Furthermore, when we categorize people as “extreme” because of a certain belief they hold to, we are “other-izeing” them in a way that won’t even let us try to understand them. If I hear people call me “extreme,” I feel like they’re lumping me into a category with terrorists. But, oh wait—the term “domestic terrorist” has also been lobbed at people deemed to be a “threat to democracy.” And such accusations aren’t exactly leading people toward the unity that was once promised to this country.
How do we find our way out of this rhetorical mess which is pushing society further and further to polar opposites? Political leaders have promised all sorts of things, but ultimately they can’t deliver because they are finite humans who make poor saviors. As followers of Christ, we know that sitting around and complaining about it also won’t make a difference. However, we can take a few small steps to change the atmosphere around us as the Holy Spirit does his work through us.

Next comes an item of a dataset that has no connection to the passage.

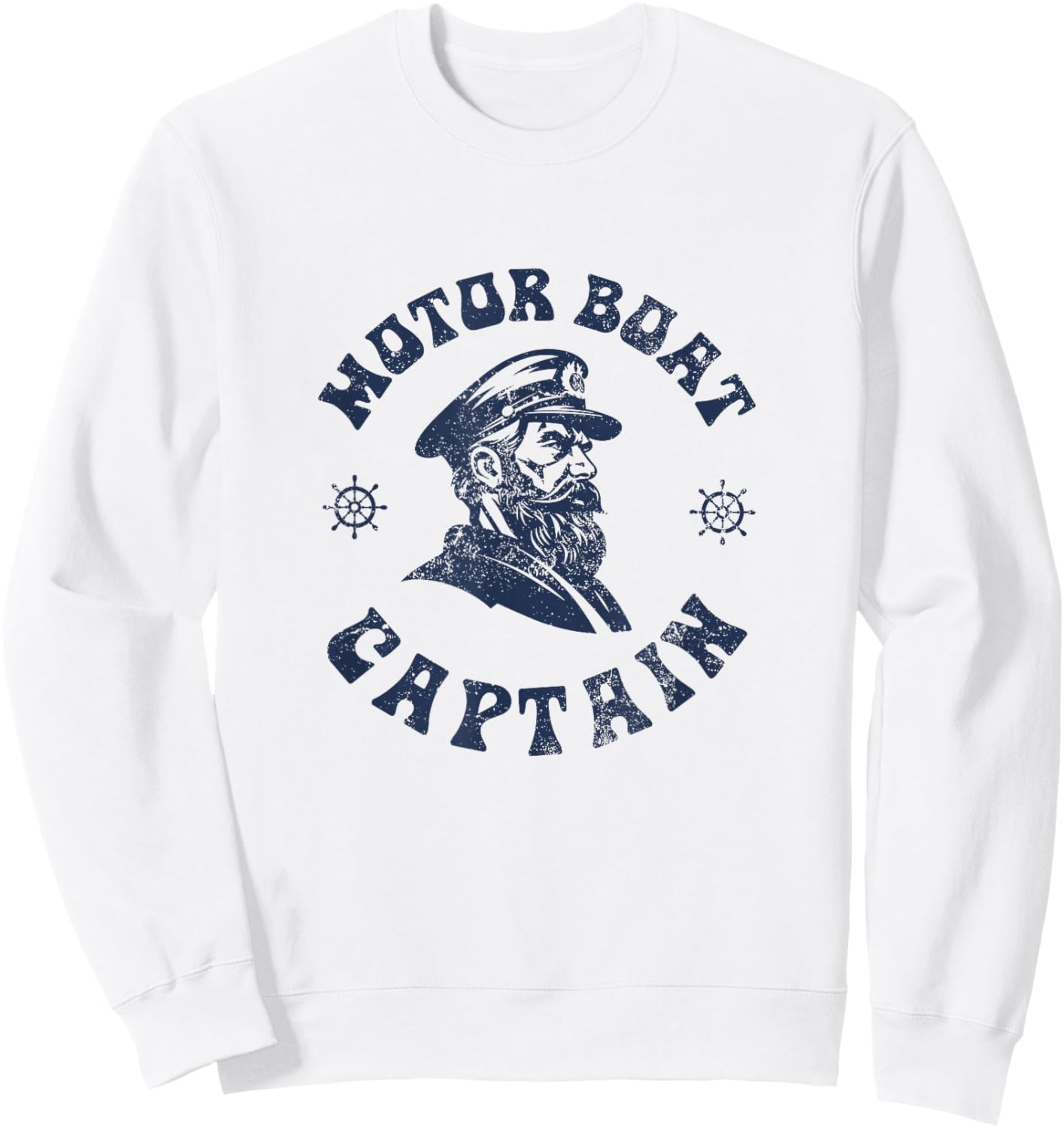 Funny Motor Boating Vintage Motor Boat Captain Sweatshirt - Sweatshirt | White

First, we need to start by refining our language choices. Refuse to give into the emotional sway of charged words like “extreme” when describing events, votes, or ideas. The word “extreme” means “existing in a very high degree” or “going to great or exaggerated lengths.” Its connotation is that of being dangerous, radical, or life-threatening. And yet it seems we’ve entered a state of hysteria in our culture where people think certain ideas are dangerous, radical, and life-threatening even when they’re not.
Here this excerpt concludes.